Она положила ладони на его лицо, приблизилась к его уху, как Джоанна пару минут назад, и прошептала:
— И только так я выжила. Я выжила и во второй раз — когда моя мама пострадала. А теперь… Теперь у меня больше нет убеждений, потому что все, кого я любила — исчезли, потому что все, кого я хочу любить — предали.
Она отстранилась. Теперь Сальваторе казалось, что он и ее сердцебиение слышит.
Тихое, умирающее…
— А самое хреновое то, что все мои надежды тоже сдохли, как чертовы бездомные кошки! Я каждый раз свято верила, что все наладится, и каждый раз все рушилось.
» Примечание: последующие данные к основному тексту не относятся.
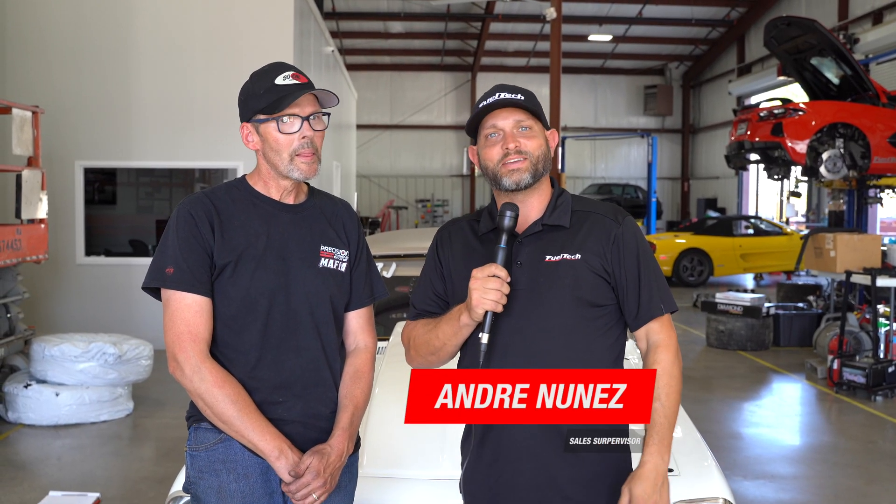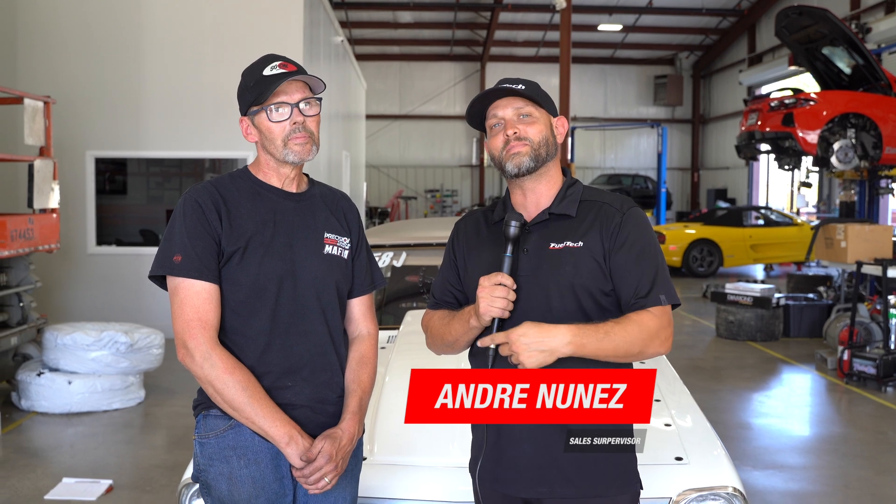Hey guys, it's Andre from FuelTech USA. And today we're here with Ron Bell and his beautiful Chevy II. Here at FuelTech, we're used to breaking all sorts of records. In this case, we broke another one with Mr. Bell — it wasn't horsepower this time, but Mr. Bell definitely has the long distance award. Where is it that you came from to be here with us today? We came from Anchorage, Alaska.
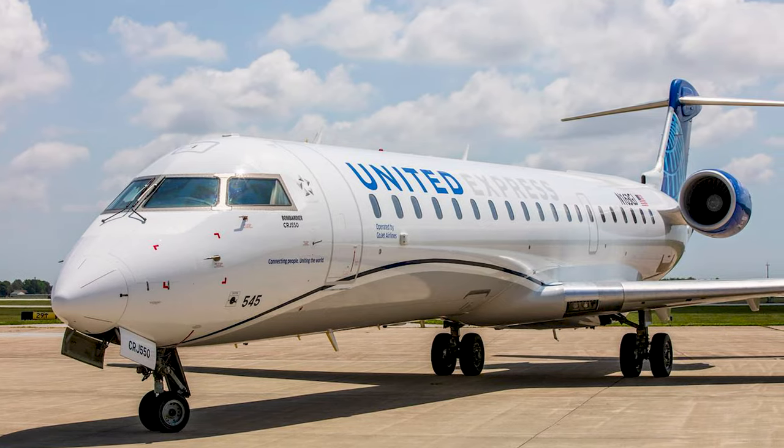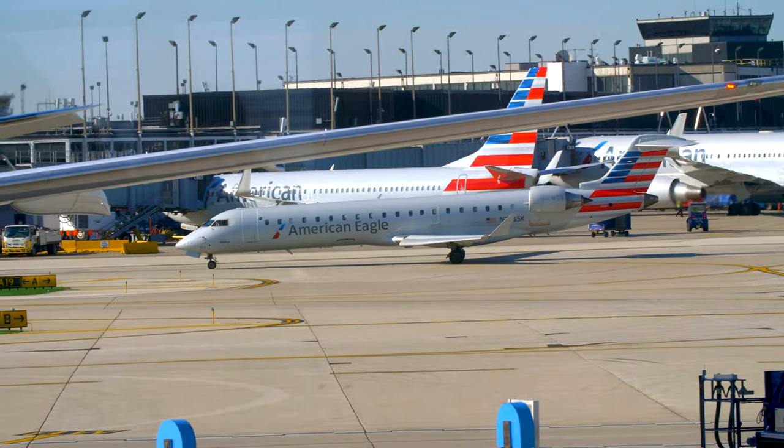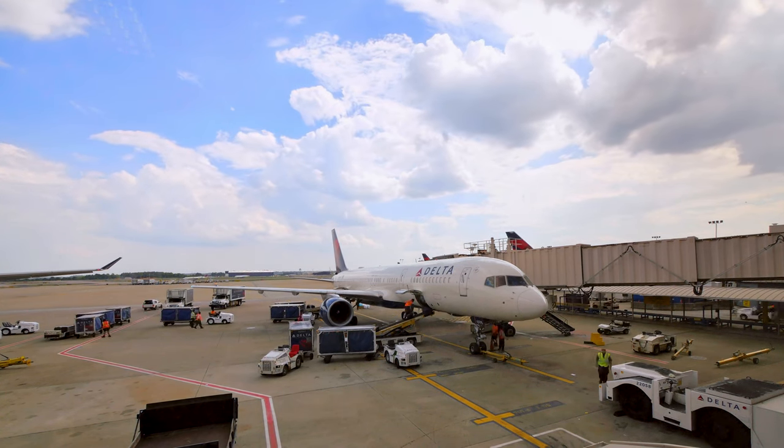What is up everyone? Welcome back to a brand new video. Today we're going to talk about the regional airlines and how to pick the right one for you. A regional carrier is the building block of American aviation — they connect smaller cities to the larger hubs where you typically see major airlines. Think of a regional carrier as simply a stepping stone. Don't plan your entire life around one.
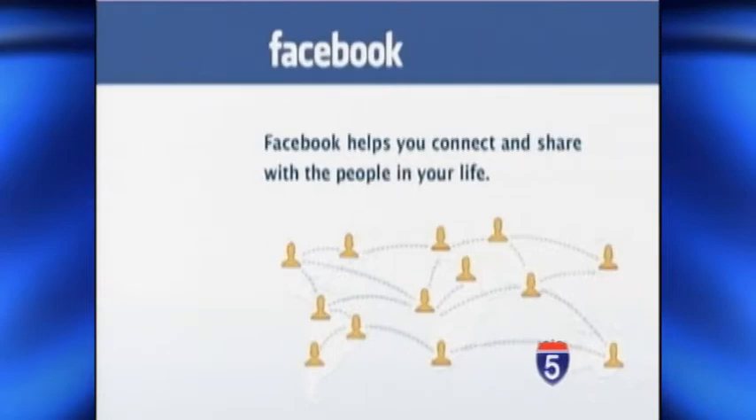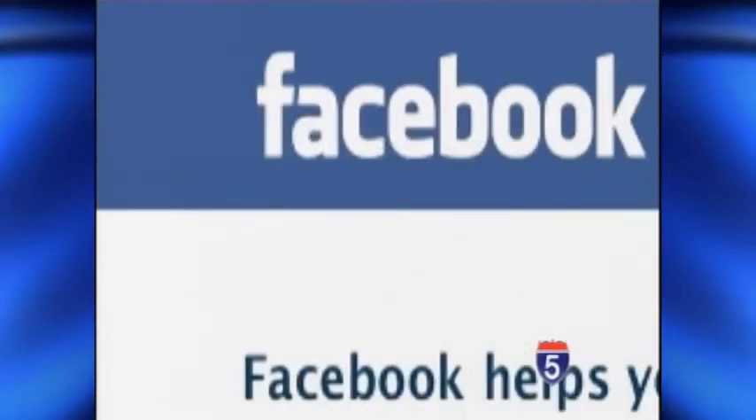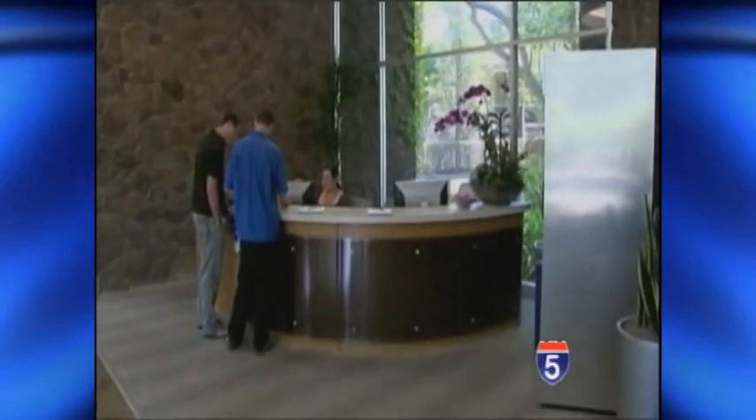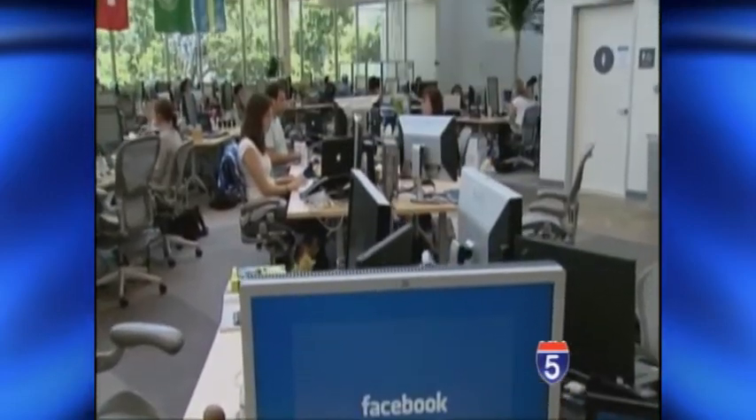Facebook is changing users' default email to an @facebook.com address. That's the address other users see on your page if they want to send you email. Every Facebook user gets a free facebook.com email account, but many don't use it.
И теперь я не знаю, как жить дальше, потому что у меня сомнений не осталась: жизнь мне подкинет еще больший камень под ноги, чем сейчас. Раньше я теряла близких, а в будущем могу потерять себя… Скажи мне, — она усилила свою хватку, — скажи, а как не потерять себя, если все мечты и приоритеты рушатся? Если в душе образовывается пустота, которая разрастается все больше и больше? Я устала, понимаешь? — ее голос сник до шепота. — Я так сильно устала и разочаровалась, что больше не хочу имитировать жизнь и делать вид, что вчерашнее пошло мне на пользу, что завтра все будет лучше. Я не могу, понимаешь, Деймон? Не могу…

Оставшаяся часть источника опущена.